Por esa costumbre pérdida –y porque cerca siempre hay alguna librería– es que de paso por alguna ciudad ajena me queda el tic de instalarme en plan perezoso en alguno de sus bares, notables o no tanto. En Lima, es el café Haití, de Miraflores. Río tiene la confitería Colombo (histórica, pero demasiado céntrica y a contramano), aunque siempre hay cafetines si se los sabe buscar. París tiene la prosapia intelectual de Les Deux Magots (con los cargosos fantasmas de Sartre y Simone de Beauvoir), pero me tienta más el Café de Flore (porque su espectro es el de Roland Barthes, que se sentaba en sus mesas a tomar notas). El palaciego Central de Viena, al que Thomas Bernhard iba a leer los diarios, es imponente y para algunos el sine qua non de estos establecimientos.
Sin embargo, los inventores de los cafés fueron los venecianos. El Florián, el más viejo del mundo (es de 1720), está sobre la Piazza San Marco, con sus mesitas marmoladas, aunque también tienen encanto para el bolsillo los de a pie, semiocultos en algún callejón vacío.
Pero quizá conviene trasladarse a Trieste, del otro lado del Adriático, para encontrar la mayor densidad de cafés impostergables. La culpa la tiene la doble influencia véneta y germánica (ya que hasta el fin de la Primera Guerra Mundial la ciudad fue parte del imperio austrohúngaro). El escritor Claudio Magris, triestino de ley, hizo mucho para darle estatura de mito al Caffè San Marco, lugar de poetas e intelectuales. Tiene una amplia superficie, techos altísimos, estantes detrás del mostrador con sinuosidades barrocas y en la actualidad –para aprovechar su fama– una librería que se extiende por su ala izquierda. Más selecto y céntrico es el Caffè degli Specchi –repleto como indica su nombre, de espejos– donde pasaba el rato observando a los demás Richard Burton, el famoso aventurero inglés que murió en Trieste como cónsul.

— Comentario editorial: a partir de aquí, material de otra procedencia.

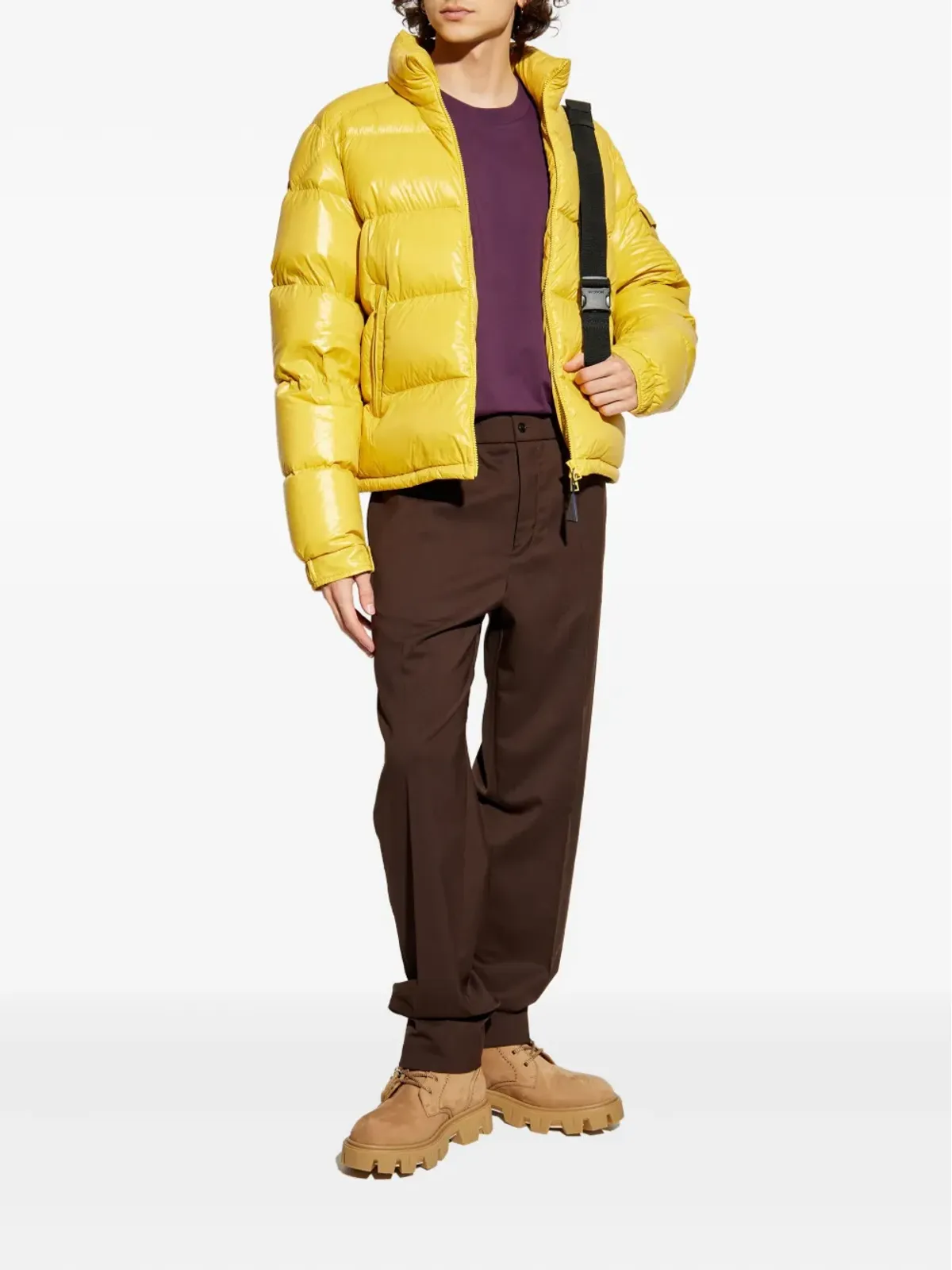 Moncler Levithaパディッドジャケット - 画像2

De elegir me quedó igual con el más vulgar, el más de paso. El Stella Polare consiste en unas pocas mesitas. Era el lugar al que iba James Joyce a tomar, no café, sino clarete –su vino preferido– después de dar clases de inglés en la escuela Berlitz, que estaba a la vuelta de la esquina. El edificio todavía existe, aunque reconvertido en la tienda de una marca de ropa española.
Esa cercanía y la intimidad del Stella Polare provocan la ilusión –por eso la predilección– de que, saltándose los tiempos, el irlandés se va a aparecer como si nada de un momento a otro. Pero eso no es culpa del café, sino del spritz, la combinación insignia de la zona.